Namun, berbeda dengan tahun-tahun sebelumnya, pernyataan Menlu terkait Pasifik tahun ini lebih memiliki fokus dan nuansa dengan menekankan keterlibatan langsung Indonesia dengan negara-negara Pasifik di dua forum, yakni Archipelagic and Island States Forum dan Indonesia-Pacific Development Forum.
Sejumlah bantuan pembangunan juga disebutkan, seperti lapangan futsal di Kepulauan Solomon dan Regional Agriculture Training Center di Fiji. Ditambah lagi, ada dua kunjungan Menlu ke Fiji dan Kepulauan Solomon pada September 2022. Pernyataan ini menjadi penting di tengah upaya Pemerintah RI meningkatkan peranannya di kawasan Pasifik.
Sekalipun demikian, pertanyaan utama yang diajukan adalah seberapa jauh kita, yang selama ini mengidentifikasi sebagai bangsa Asia, menempatkan dan memahami Pasifik di Indonesia? Sejauh mana kita memahami Pasifik menentukan seberapa kuat klaim di atas dalam interaksi regional kita di kawasan tersebut.

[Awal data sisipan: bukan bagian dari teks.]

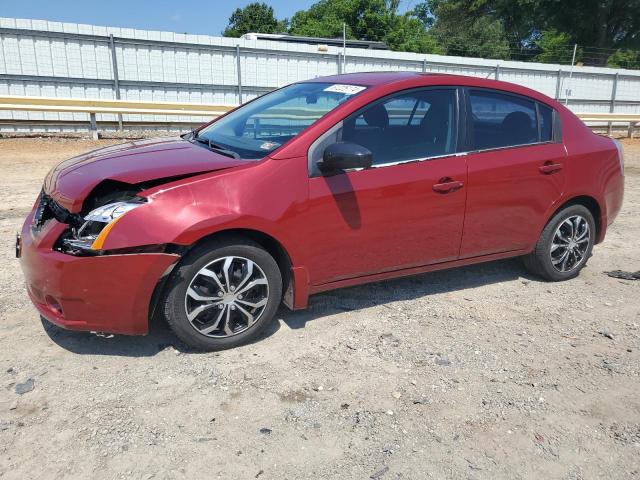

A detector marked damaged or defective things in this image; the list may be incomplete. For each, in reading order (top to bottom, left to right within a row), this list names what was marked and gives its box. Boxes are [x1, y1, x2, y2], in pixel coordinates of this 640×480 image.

damaged bumper [18, 214, 179, 334]
cracked headlight [62, 200, 145, 251]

Baca juga : Modalitas Indonesia Kuat untuk Kelola Isu Kawasan
Literasi Pasifik
Katerina Teaiwa, pengajar terbaik di Australia tahun 2021 asal Fiji, menyoroti bahwa pemahaman tentang Pasifik masih direproduksi melalui visi kolonialiasme pembangunan.
Pasifik masih dilihat sebagai ”surga” yang berada dalam berbagai persoalan (paradise in crisis) dan membutuhkan bantuan yang berdampak pada ketergantungan kawasan ini terhadap donatur-donatur internasional dalam jangka panjang. Menurut dia, cara pandang ini harus diganti menjadi solidaritas kawasan (solidarity in paradise) untuk menekankan Pasifik sebagai mitra sejajar dengan berbagai nilai dan kepentingan yang harus dihargai pula.
Senada dengan Teaiwa, Greg Fry dalam bukunya, New Pacific Diplomacy (2019), menekankan peran negara-negara kepulauan Pasifik yang tidak lagi menjadi ”korban” dalam persaingan kekuatan global dan regional, tetapi aktor kunci melalui solidaritas bersama untuk menentukan agenda-agenda regional yang krusial di pentas global.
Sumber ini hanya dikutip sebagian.